I specialize in moral and political philosophy, moral psychology, and experimental philosophy. My work is animated by an interest in the role that empirical facts should play in the evaluation of normative concepts.
On my view, moral and political philosophers should be and have often been, explicitly or implicitly, interested in the fruitfulness of these concepts – how well they help us to solve practical problems. My account of fruitfulness is specific to the normative domain and multidimensional, encompassing the motivational force and sociopolitical consequences of the adoption of concepts, among other factors. Notably, evaluating fruitfulness along these dimensions is partly an empirical enterprise – we have to engage with and sometimes conduct new research in the social sciences to determine the extent to which normative concepts help us to solve the practical problems they are supposed to help us solve. I am currently writing a book on these issues, tentatively entitled The Fruitfulness of Normative Concepts (under contract with Oxford University Press).

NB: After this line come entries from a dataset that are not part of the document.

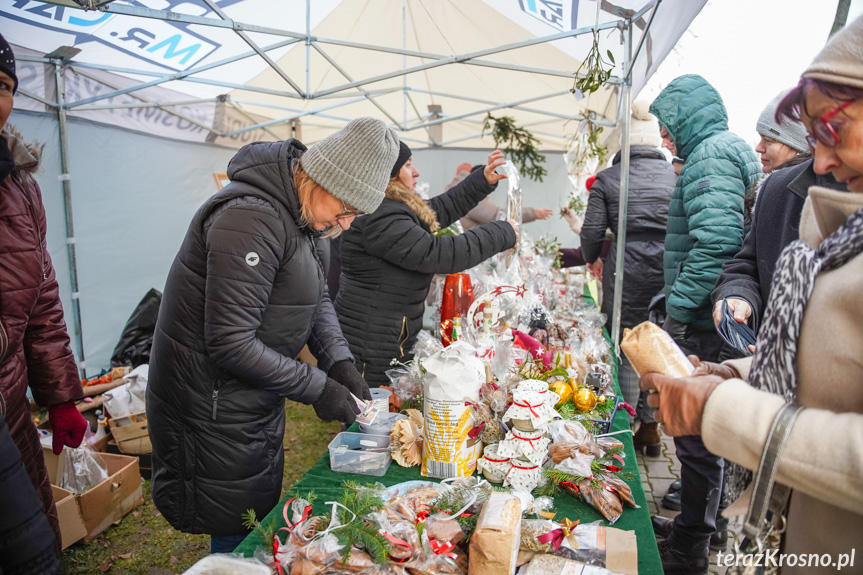 Kiermasz Charytatywny Bożonarodzeniowy w Zręcinie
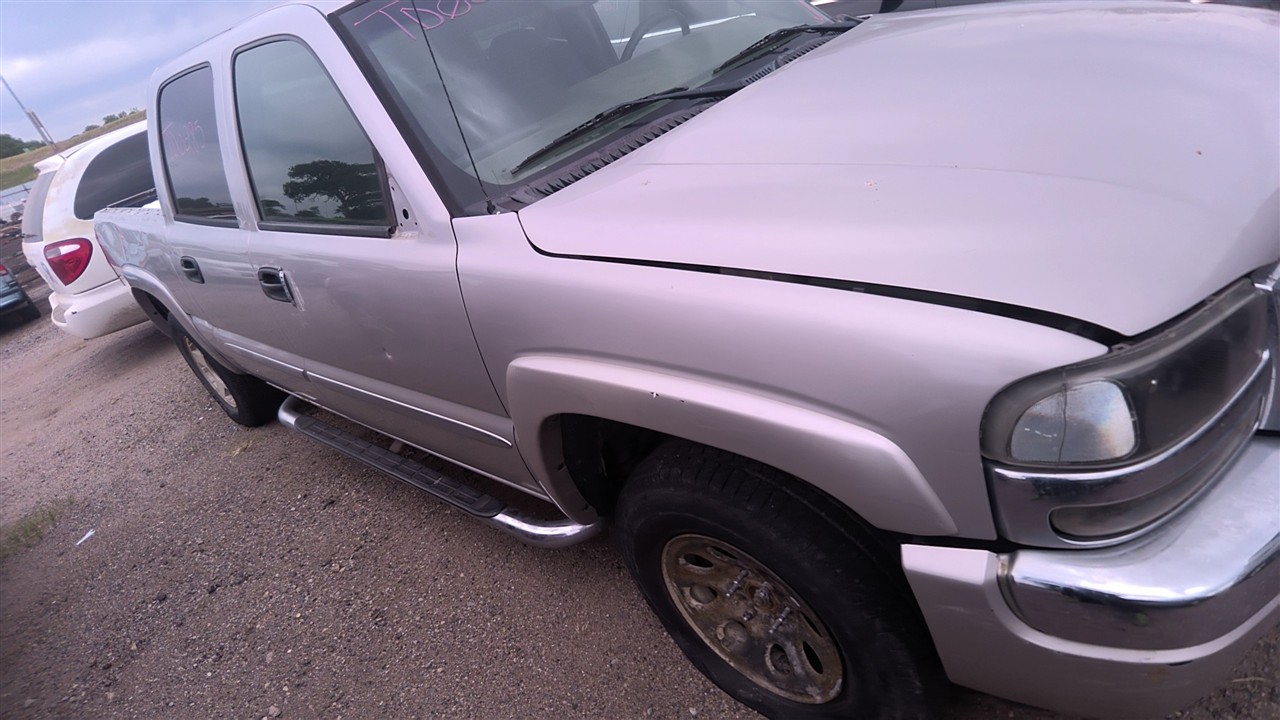 https://f005.backblazeb2.com/file/img-partshotlines-com/Inventory/EX921/Vehicle/8305_07.jpg
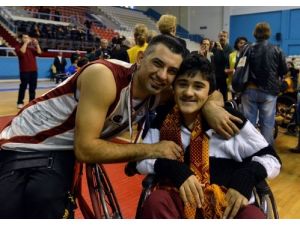 Engelsiz Aslanlara Başarı Ödülü Verildi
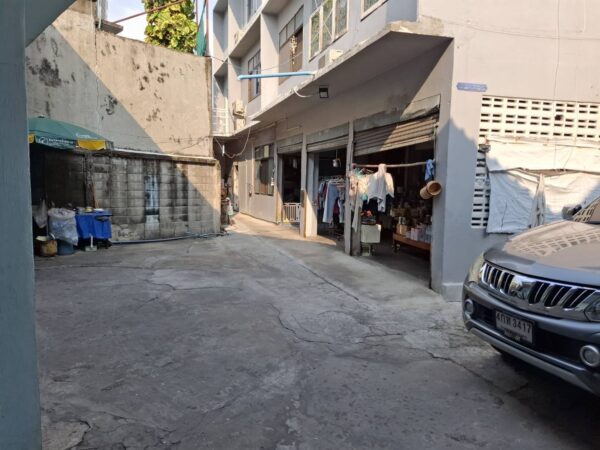 ขาย ที่ดินพร้อมสิ่งปลูกสร้าง 99 ตร.ว. ใกล้ ซ.เจริญกรุง80 ใกล้เอเซีย ทีค เยื้องโรงแรมทองธารา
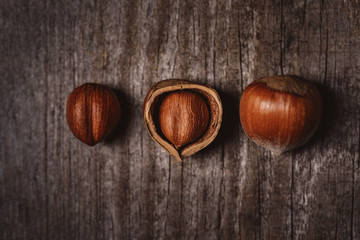 Obraz premium top view of hazelnuts on wooden surface
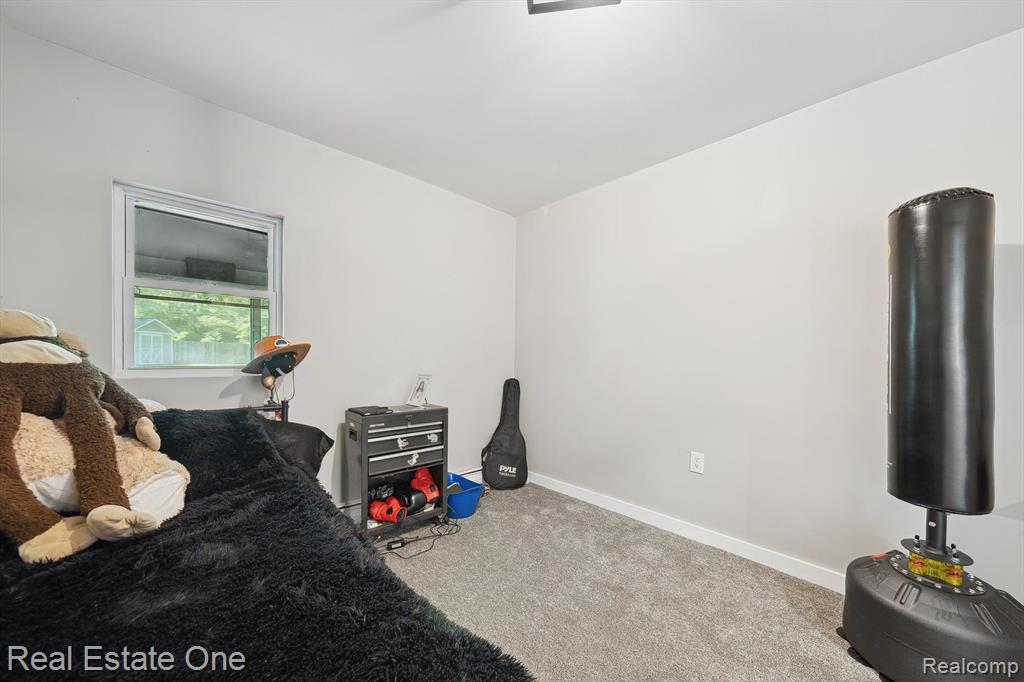 8921 Lake Road, Grosse Ile, MI 48138 — Photo 29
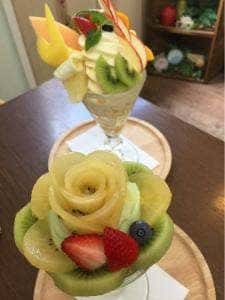 てんとう虫 パフェカフェ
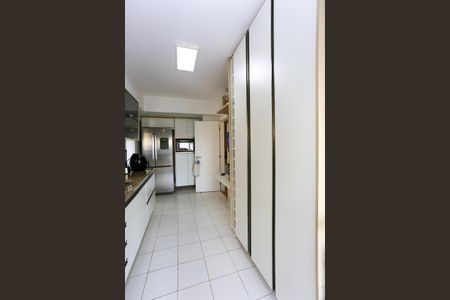 Apartamento para alugar com 245m², 3 quartos e 3 vagas Apartamento para alugar com 245m², 3 quartos e 3 vagasCozinha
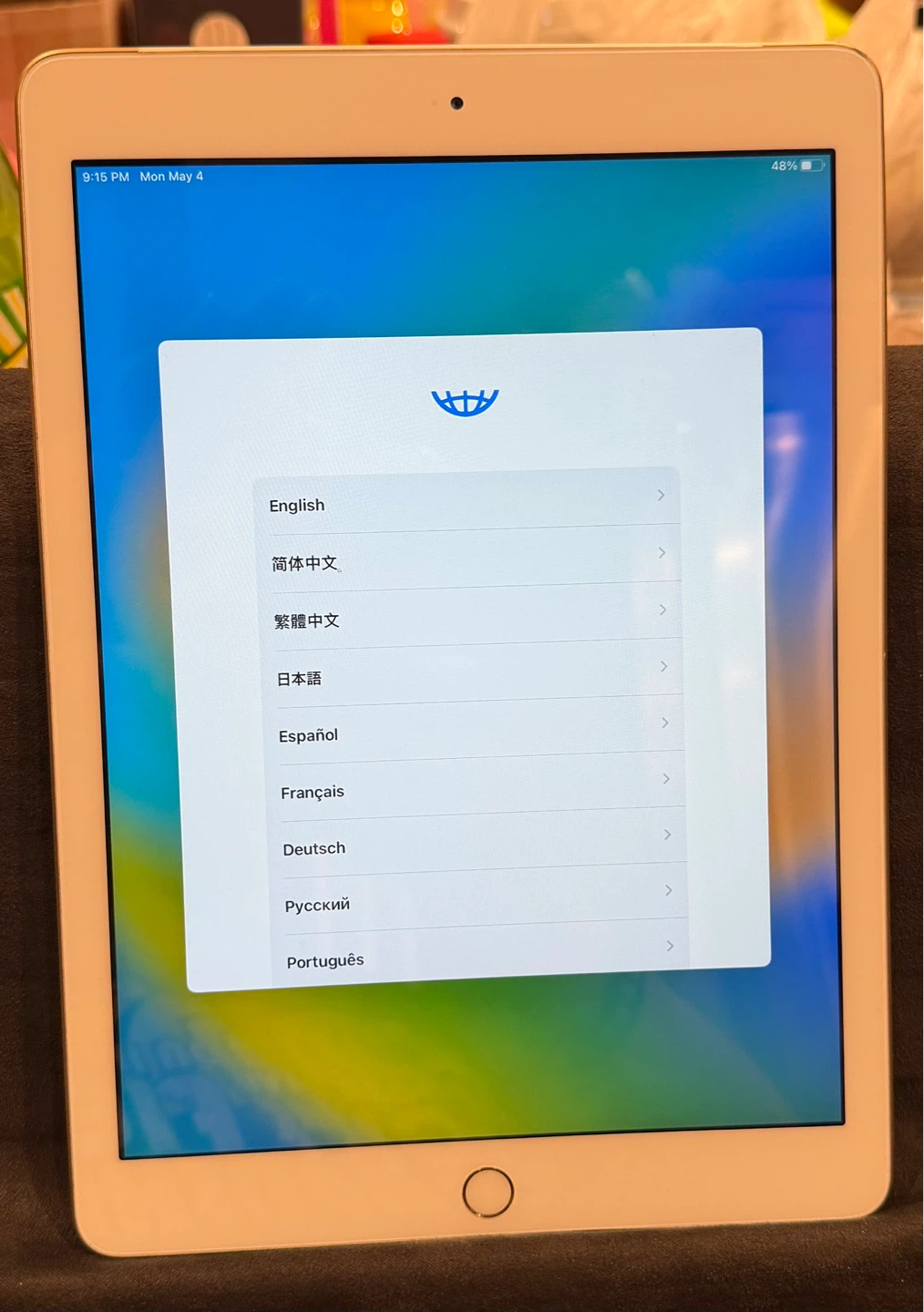 Apple iPad (Gold) - photo 3
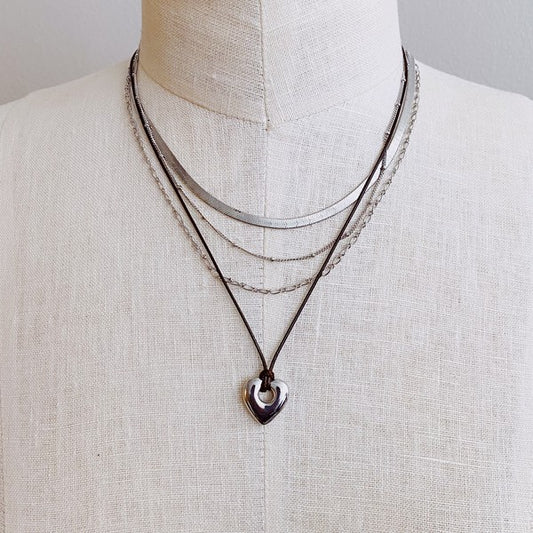 Perfectly Layered Heart And Chain Necklace - Lily and Lavender Boutique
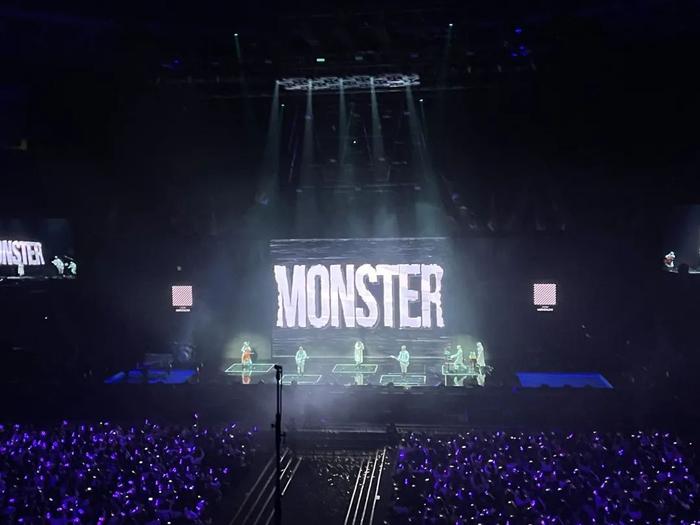 Starset乐队演奏的《MONSTER》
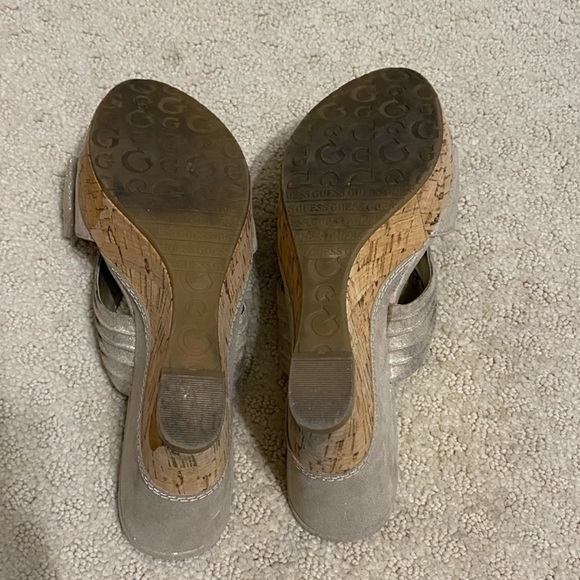 GUESS Bow Wedge Sandals Size 5.5 - Picture 3 of 11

I am also interested in how political philosophy should take facts about the real world into account. In particular, the fact that citizens and non-citizens of democratic states stand in relationships with one another, including intimate relationships and relationships of identification, generates stringent duties on these states that bear on how they treat non-citizens. I have mostly examined these duties in the context of immigration justice, but am also interested in their implications for other topics, such as global poverty and climate change.
More generally, I hold that philosophers have an important role to play in engaging with and conducting empirical research on moral and political issues, and that traditional and empirical methods can be brought together to illuminate these issues.